Au finish pour ce qui concerne la question de l’armement du MFDC, on ne saurait s’y prononcer sans risque de raconter des contres vérités à travers de supputations tantôt à l’endroit de la Gambie, tantôt à celui de la Guinée Bissau. Ces deux pays limitrophes en fonction de la situation du moment sont tour à tour accusés d’armer le Maquis.

La Casamance qu’on le veuille ou pas occupe un certaine place stratégique au niveau des pays frontaliers au niveau sous régional d’où la nécessité de chercher à vite résoudre la crise qui y prévaut. Tant que la crise perdure en Casamance, il y aura des répercussions directes et indirectes sur les pays limitrophes tel que la Guinée Bissau, la Gambie.

Monsieur Basséne, vous n’allez pas nier qu’en 1998 les combattants s’étaient engagés dans la crise Bissau guinéenne aux côtés des mutins favorables à Ansoumane Mané.

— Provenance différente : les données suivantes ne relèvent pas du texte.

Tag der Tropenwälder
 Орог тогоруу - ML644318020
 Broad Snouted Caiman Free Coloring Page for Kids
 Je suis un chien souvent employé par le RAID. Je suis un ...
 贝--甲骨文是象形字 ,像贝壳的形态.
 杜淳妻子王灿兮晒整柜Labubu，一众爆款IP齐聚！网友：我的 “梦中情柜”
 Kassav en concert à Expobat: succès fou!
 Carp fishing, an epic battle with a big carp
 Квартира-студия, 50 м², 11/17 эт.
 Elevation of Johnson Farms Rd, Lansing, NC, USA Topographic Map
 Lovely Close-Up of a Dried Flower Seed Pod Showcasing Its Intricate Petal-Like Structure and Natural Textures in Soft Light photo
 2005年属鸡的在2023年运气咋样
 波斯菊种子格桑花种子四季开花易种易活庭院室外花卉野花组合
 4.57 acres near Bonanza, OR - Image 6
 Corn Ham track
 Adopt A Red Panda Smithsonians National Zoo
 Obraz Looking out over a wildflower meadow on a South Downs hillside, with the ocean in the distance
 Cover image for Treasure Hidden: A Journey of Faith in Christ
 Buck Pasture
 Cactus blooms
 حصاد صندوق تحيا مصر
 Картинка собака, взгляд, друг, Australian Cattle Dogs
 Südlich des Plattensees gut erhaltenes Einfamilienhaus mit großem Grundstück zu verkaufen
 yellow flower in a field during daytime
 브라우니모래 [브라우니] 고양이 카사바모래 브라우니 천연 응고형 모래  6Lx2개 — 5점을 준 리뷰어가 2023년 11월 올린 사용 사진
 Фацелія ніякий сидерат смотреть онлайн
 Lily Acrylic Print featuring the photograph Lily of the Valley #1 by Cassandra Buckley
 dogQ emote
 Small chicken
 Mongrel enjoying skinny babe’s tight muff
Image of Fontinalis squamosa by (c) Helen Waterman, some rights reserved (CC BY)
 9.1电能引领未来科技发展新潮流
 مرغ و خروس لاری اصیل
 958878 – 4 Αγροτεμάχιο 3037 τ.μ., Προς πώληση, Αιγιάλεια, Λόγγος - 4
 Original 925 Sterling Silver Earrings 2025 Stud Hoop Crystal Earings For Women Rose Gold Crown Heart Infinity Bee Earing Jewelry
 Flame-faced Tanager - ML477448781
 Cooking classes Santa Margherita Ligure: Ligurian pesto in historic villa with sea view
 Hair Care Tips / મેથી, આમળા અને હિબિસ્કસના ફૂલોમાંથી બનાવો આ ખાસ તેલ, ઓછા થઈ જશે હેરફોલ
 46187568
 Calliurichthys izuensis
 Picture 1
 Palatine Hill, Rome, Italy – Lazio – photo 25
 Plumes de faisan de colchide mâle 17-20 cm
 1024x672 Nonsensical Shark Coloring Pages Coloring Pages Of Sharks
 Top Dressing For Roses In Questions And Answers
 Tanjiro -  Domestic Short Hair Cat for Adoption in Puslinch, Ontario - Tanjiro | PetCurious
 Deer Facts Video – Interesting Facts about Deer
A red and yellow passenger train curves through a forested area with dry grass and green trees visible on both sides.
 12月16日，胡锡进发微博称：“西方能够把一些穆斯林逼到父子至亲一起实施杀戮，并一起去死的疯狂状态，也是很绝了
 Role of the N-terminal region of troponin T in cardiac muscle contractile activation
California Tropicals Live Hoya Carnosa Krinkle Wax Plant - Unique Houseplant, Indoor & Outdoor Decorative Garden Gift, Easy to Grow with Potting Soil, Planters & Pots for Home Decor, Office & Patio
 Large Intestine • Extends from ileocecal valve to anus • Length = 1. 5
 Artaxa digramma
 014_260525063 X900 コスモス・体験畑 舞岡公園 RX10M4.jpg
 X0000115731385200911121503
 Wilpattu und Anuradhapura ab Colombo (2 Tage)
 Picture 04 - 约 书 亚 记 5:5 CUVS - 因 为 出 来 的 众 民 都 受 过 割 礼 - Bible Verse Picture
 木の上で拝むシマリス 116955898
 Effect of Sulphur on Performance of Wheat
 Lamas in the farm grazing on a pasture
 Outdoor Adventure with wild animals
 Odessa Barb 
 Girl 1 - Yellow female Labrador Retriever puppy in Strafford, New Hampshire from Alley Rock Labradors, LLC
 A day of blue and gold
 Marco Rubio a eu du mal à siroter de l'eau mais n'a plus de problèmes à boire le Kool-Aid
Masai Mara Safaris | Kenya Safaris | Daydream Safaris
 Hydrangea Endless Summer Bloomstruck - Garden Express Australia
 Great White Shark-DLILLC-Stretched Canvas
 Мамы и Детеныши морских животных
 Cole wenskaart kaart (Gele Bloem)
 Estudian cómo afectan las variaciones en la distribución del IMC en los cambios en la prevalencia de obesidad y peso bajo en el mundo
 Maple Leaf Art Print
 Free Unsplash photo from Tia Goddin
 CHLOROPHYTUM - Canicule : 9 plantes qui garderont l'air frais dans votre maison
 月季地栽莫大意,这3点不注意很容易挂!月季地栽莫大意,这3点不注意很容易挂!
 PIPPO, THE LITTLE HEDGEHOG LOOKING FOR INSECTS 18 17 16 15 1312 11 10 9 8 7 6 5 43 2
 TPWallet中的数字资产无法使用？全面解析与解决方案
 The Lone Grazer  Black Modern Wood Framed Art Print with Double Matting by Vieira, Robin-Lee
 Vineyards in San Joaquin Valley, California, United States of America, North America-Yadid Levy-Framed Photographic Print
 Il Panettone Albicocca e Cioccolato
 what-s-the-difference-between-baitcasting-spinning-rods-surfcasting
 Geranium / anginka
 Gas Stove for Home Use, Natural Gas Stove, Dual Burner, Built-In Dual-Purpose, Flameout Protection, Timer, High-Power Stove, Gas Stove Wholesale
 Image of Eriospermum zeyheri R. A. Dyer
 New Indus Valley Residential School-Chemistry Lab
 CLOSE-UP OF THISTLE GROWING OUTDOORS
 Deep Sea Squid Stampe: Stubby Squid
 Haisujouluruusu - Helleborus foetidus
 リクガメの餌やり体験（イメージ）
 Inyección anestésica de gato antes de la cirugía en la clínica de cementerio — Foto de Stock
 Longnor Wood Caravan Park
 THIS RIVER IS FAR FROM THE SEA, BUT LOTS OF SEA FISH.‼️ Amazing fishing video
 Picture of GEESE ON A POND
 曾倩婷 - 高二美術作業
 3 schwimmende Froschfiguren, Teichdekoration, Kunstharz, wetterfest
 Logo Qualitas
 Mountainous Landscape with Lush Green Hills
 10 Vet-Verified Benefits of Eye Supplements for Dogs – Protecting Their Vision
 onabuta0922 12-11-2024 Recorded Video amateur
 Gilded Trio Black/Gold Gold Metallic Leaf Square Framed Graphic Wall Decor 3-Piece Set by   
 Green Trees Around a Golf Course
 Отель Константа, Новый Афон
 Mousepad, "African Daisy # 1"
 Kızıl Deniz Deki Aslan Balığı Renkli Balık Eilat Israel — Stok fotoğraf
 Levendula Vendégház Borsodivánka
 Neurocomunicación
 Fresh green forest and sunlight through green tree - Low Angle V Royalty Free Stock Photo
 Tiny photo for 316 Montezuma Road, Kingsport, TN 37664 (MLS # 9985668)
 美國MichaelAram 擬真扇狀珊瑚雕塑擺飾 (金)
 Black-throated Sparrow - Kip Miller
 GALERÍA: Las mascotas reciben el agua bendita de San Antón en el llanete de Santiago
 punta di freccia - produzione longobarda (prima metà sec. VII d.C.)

Un tel cas n’est-il pas envisageable en Gambie ?

A mon avis, vous venez de poser la vraie question car vous êtes parti d’un cas très précis pour faire une comparaison même si le cas de figure n’est pas le même. Selon mes recherches, les combattants se sont engagés dans la guerre aux côtés des mutins au moment où les loyalistes avec l’aide des forces armées du Sénégal commençaient à prendre le dessus sur les mutins. Ils se disaient que si Nino remporte la guerre, il va en guise de reconnaissance aider le Sénégal à les combattre . « L’ami de mon ennemi est mon ennemi » nous dit un adage. C’est donc par stratégie, par reflexe défensif qu’on est arrivé à une situation très regrettable où s’était les fils du Sénégal qui en réalité se battaient entre eux en Guinée Bissau en 1998.

C’est pourquoi, j’ai dit que tant que la crise en Casamance n’est pas définitivement résolue et de manière pacifique la Gambie et la Guinée Bissau ne connaitront jamais une réelle stabilité politique. Dans la même vaine toute intervention même salutaire du Sénégal dans un de ces pays voisins peut être très mal interprétée.

Mais pour ce qui concerne la crise gambienne, je crois que si intervention militaire doit y avoir ce ne sera pas le Sénégal, mais la CEDEAO. On peut donc ne pas vivre le même cas de figure qu’en Guinée Bissau.

Comment analysez-vous une intervention militaire de la CEDEAO en Gambie ?

Je ne le souhaite pas du tout. Seul quelqu’un qui ignore ce que c’est les conséquences d’une guerre peut être favorable à une telle option. Je crois que face au refus de Jammet de quitter le pouvoir il faut privilégier le dialogue. Qui dit dialogue parle d’un processus qui peut être long ou court.

Je pense qu’il faut que la CEDEAO tienne compte des populations civiles. On ne peut pas intervenir militairement sans faire des victimes en leur sein. On peut, certes connaître la date du déclenchement d’une guerre, mais jamais celle de sa fin. L’histoire a montré qu’il n’est pas aisé de combattre quelqu’un dans son propre pays même si à priori ce dernier semble plus faible que vous.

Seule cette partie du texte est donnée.